Enfin Jacques Audiard fait un film non violent… Merde. Je crois que j’ai parlé trop vite.

Et la palme d’or fut…une surprise. Personne ne l’attendait celle-là. Et bien évidemment, il ya polémique, pour ne pas changer. Audiard restant Audiard, il fait parler. Et on fait parler son film, on y voit à peu près ce qu’on veut. On veut y voir ce qu’on veut. On a oublié qu’il est avant tout un styliste, qui taille à grands coups de hache. Cinéma abrupt, vision tranchante, souvent en porte à faux, sincère ou pas, on ne sait jamais sur quel pied danser, même si on admire son aisance technique, sa pâte graphique, on a parfois tendance à le perdre en route.
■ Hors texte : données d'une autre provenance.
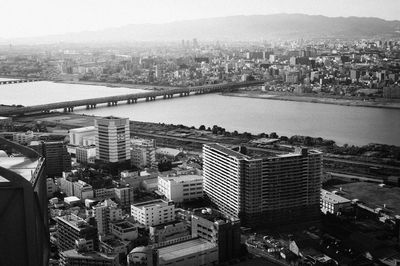 High angle view of buildings and river in city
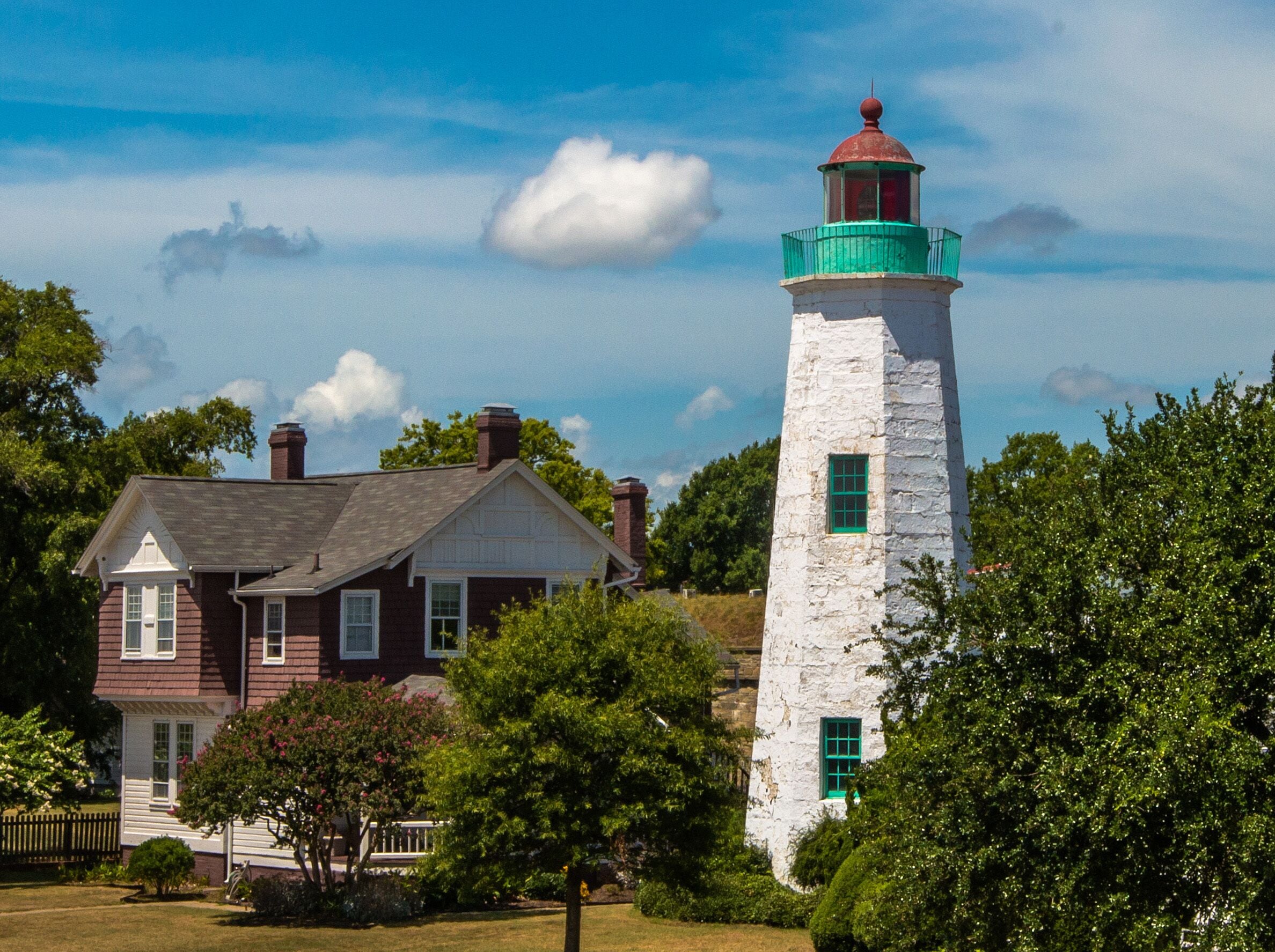 A lighthouse and a house with a red roof.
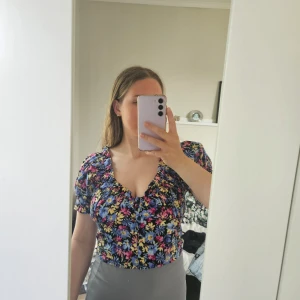 Sommartopp - Blommig sommartopp från Gina tricot i storlek XS, med små svarta knappar längst fram🦋 Använd endast ett fåtal gånger, då den blivit för liten för mig☀️Klicka på köpknappen vid intresse eller skriv till mig💗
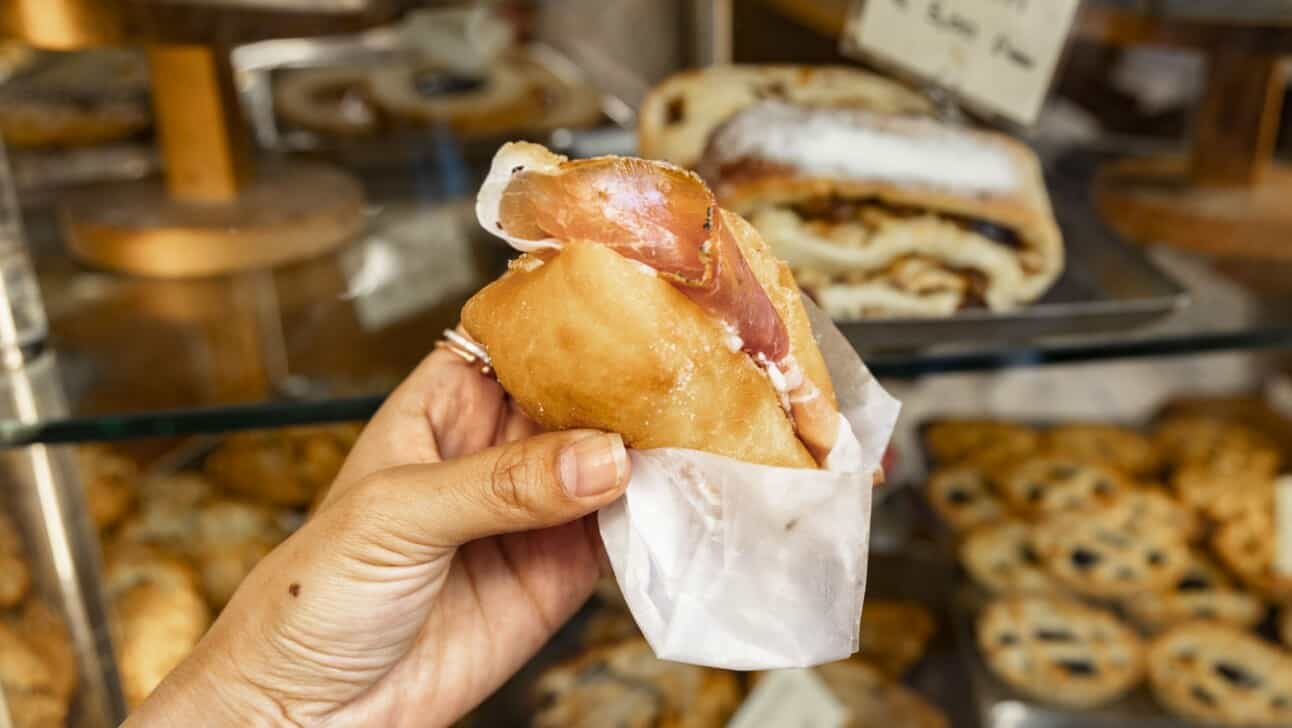 An authentic coccolo; soft cheese and ham in fried pizza dough
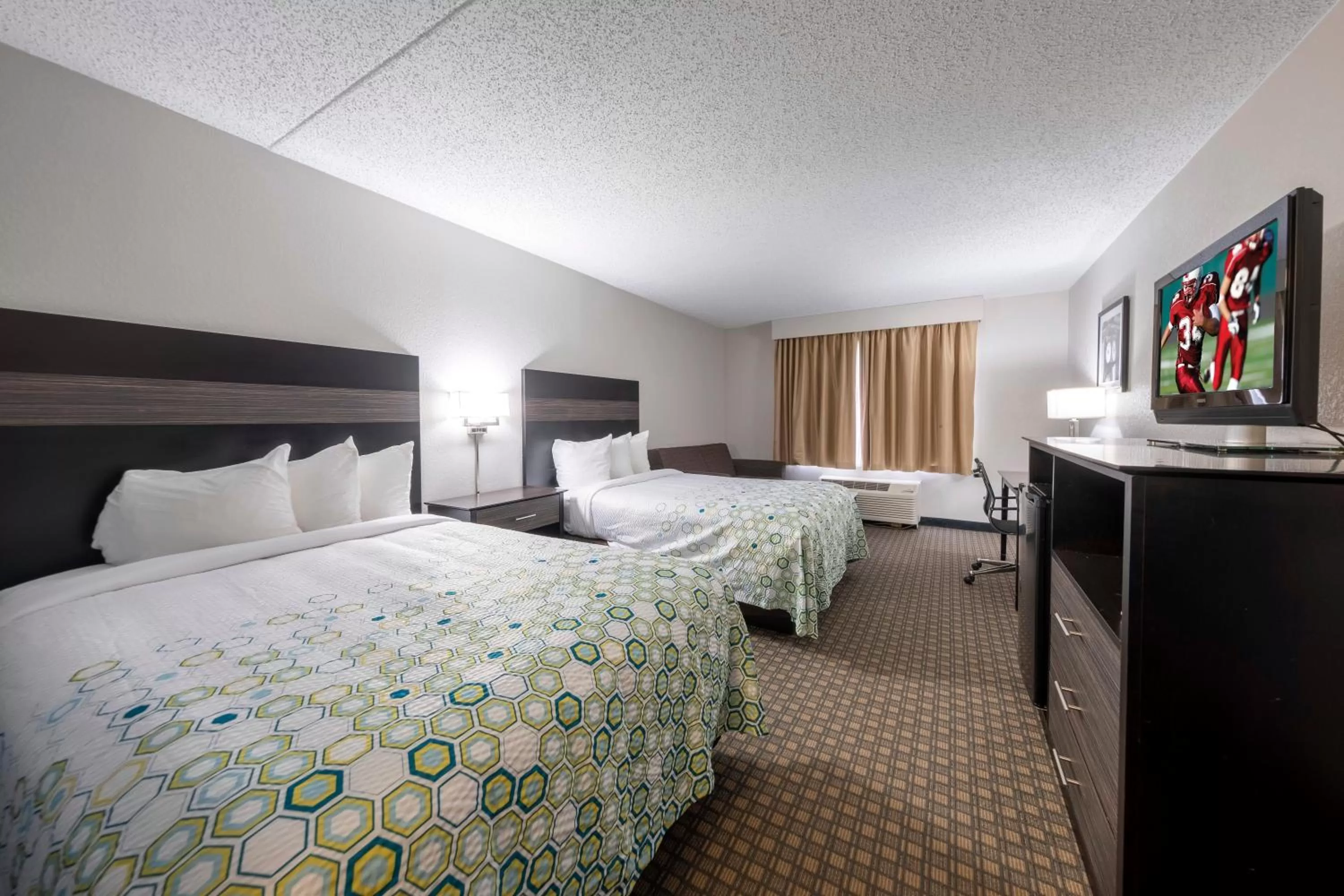 Photo of the whole room, Bed in HomeTown Inn by Red Roof East Syracuse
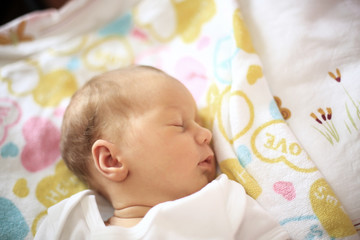newborn baby sleeping in the crib on a blanket.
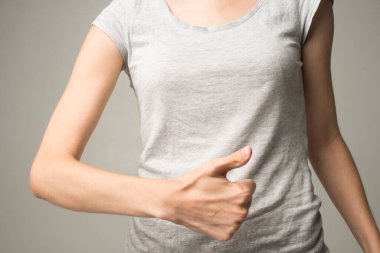 Genç ve güzel bir kadın karnını tutuyor. Karın ağrısı.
D’où la tentation de prendre tout au premier degré, comme dans Dheepan. 

Alors un film en sanscrit sous-titré on a. Une histoire de migration rocambolesque, l’aventure d’une famille constituée de toutes pièces, fausse. La guerre et le deuil débutent le film. Dheepan sort de l’Enfer, et veut son petit coin de paradis. Il se crée une famille avec une fausse femme, et une fausse fille, (c’est plus facile pour avoir les papiers), et se retrouve gardien dans une banlieue hexagonale. Pour lui qui n’a rien, c’est le paradis, ou plutôt le rêve. Tout est vrai, mais faux. Même sa femme factice lui fait comprendre qu’il déraille, il fait son film, et prend ses désirs pour la réalité. Mais, le rêve semble plus fort que la fiction. Conflit. Elle voulait rejoindre sa famille en Angleterre, lui fait table rase du passé, (qui va le rattraper), et veut rester ici.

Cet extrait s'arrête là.